- [Your assignment] Copy the complete listing word for word, but do not carry over any images.

- [Supplied material]

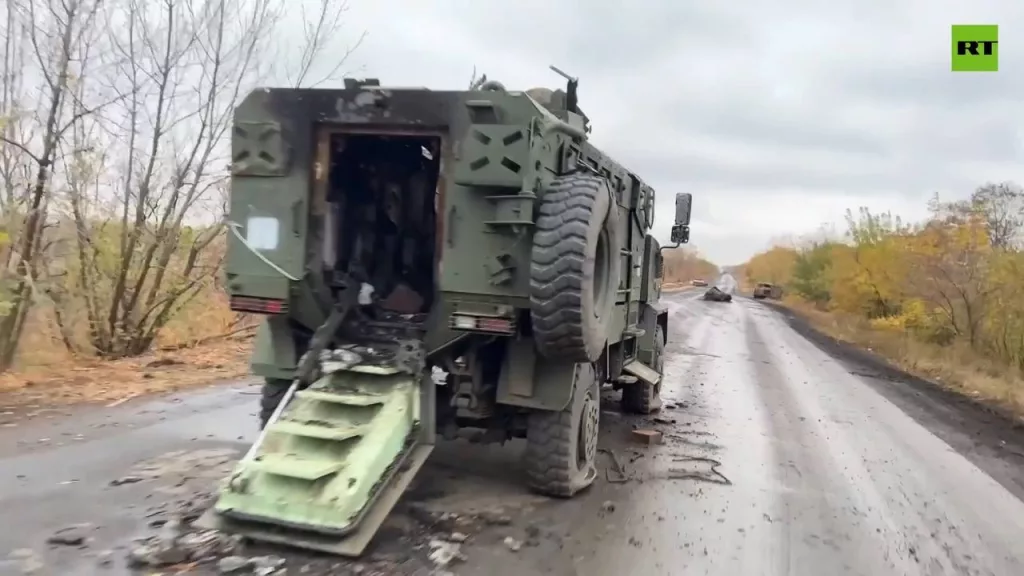 Брошенный очередной турецкий бронеавтомобиль BMC Kirpi ВСУ в районе Украинска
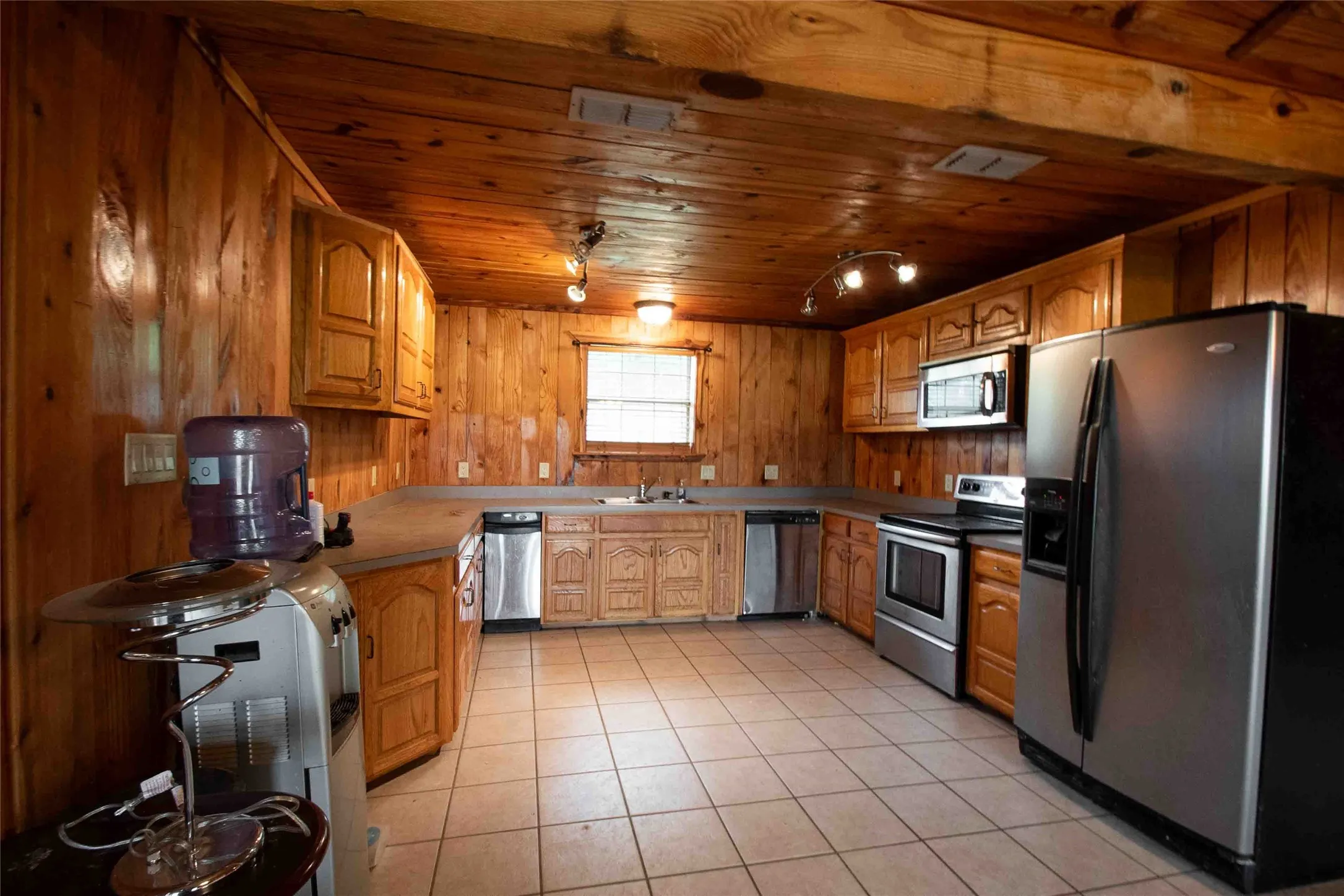 Single Family Residence For Sale in Van Zandt County , 3389 Pvt Rd 8517, Van, Texas 75790, 2 Bedroom, 1 Bathroom, Garage spaces, 1,108 Sqft, built in 2003, mls#20952838, Real Estate Agent in Van, Homes For Sale in Van Zandt county, Homes For Sale in Van, Realtor in Van Texas, Real Estate Brokerage Independent Realty Texas, Luminita Cordes Realtor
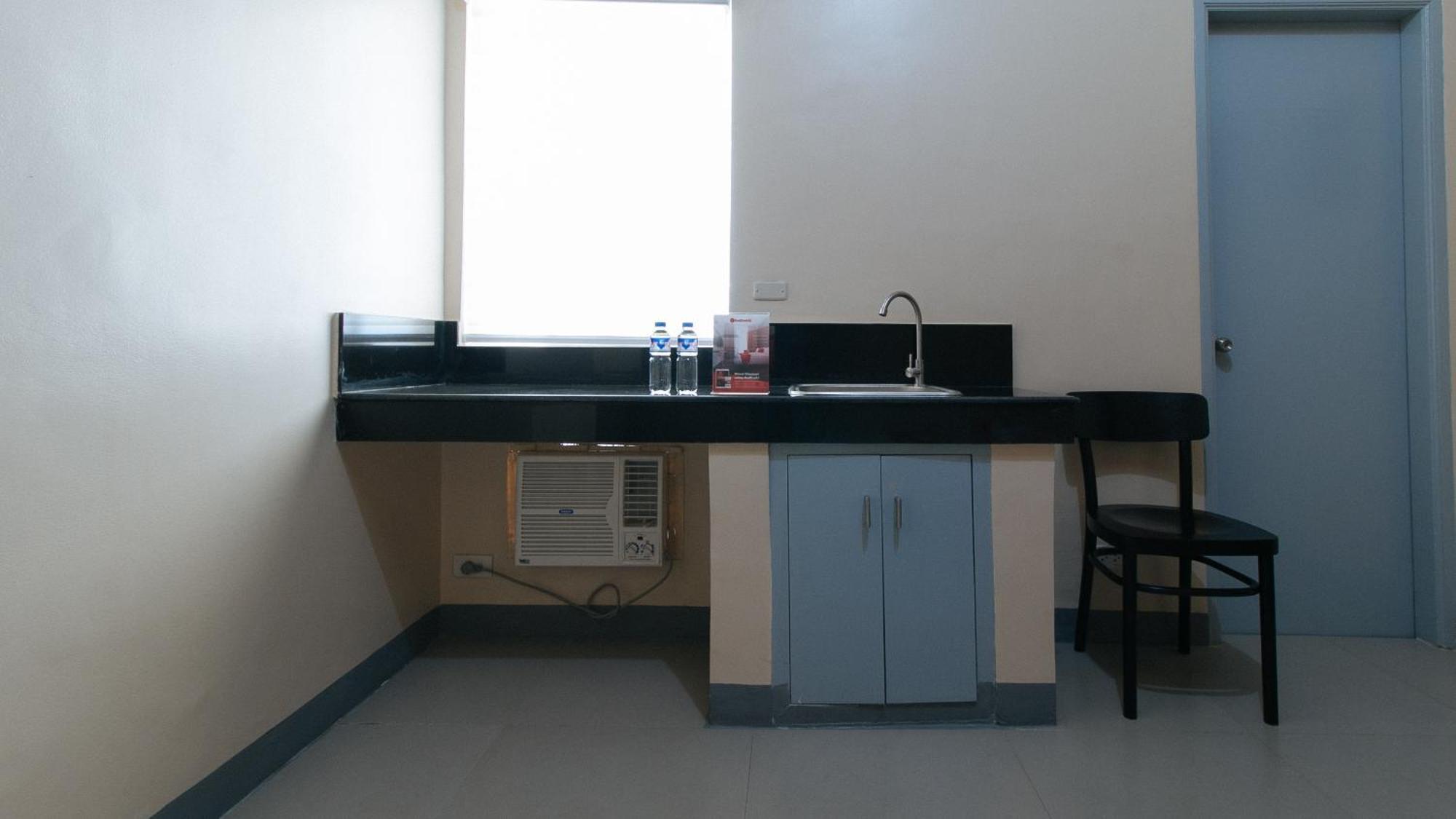 Reddoorz Plus @ Torre De Manuel Residences 1 Quezon City Exterior foto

- [Expected answer]
 Брошенный очередной турецкий бронеавтомобиль BMC Kirpi ВСУ в районе Украинска
 Single Family Residence For Sale in Van Zandt County , 3389 Pvt Rd 8517, Van, Texas 75790, 2 Bedroom, 1 Bathroom, Garage spaces, 1,108 Sqft, built in 2003, mls#20952838, Real Estate Agent in Van, Homes For Sale in Van Zandt county, Homes For Sale in Van, Realtor in Van Texas, Real Estate Brokerage Independent Realty Texas, Luminita Cordes Realtor
 Reddoorz Plus @ Torre De Manuel Residences 1 Quezon City Exterior foto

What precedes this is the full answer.